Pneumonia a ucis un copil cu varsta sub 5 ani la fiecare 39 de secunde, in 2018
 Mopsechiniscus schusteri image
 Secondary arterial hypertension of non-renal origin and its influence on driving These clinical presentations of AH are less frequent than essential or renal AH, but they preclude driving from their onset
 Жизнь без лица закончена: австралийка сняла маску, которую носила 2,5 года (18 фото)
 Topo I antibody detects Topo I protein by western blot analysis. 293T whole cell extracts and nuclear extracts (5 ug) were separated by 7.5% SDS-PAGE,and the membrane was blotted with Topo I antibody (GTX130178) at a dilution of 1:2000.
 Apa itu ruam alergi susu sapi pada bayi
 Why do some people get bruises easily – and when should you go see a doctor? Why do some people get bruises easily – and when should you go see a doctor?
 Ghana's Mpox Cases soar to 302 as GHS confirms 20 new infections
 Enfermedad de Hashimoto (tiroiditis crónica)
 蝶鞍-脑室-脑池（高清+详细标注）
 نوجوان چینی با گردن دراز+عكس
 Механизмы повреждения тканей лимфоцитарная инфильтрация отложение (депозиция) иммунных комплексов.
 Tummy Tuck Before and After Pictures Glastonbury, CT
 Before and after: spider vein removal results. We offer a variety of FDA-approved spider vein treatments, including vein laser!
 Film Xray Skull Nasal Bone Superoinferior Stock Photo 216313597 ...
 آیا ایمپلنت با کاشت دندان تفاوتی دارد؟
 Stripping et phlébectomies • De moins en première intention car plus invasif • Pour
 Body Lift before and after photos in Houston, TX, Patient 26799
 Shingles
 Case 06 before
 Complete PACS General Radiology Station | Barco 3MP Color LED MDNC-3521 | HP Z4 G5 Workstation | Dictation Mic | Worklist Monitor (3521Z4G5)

Work request -
Only the lines from the one holding "Case 06 before" through the end of the records should appear in the answer, each repeated exactly.

Answer to the exercise -
 Case 06 before
 Complete PACS General Radiology Station | Barco 3MP Color LED MDNC-3521 | HP Z4 G5 Workstation | Dictation Mic | Worklist Monitor (3521Z4G5)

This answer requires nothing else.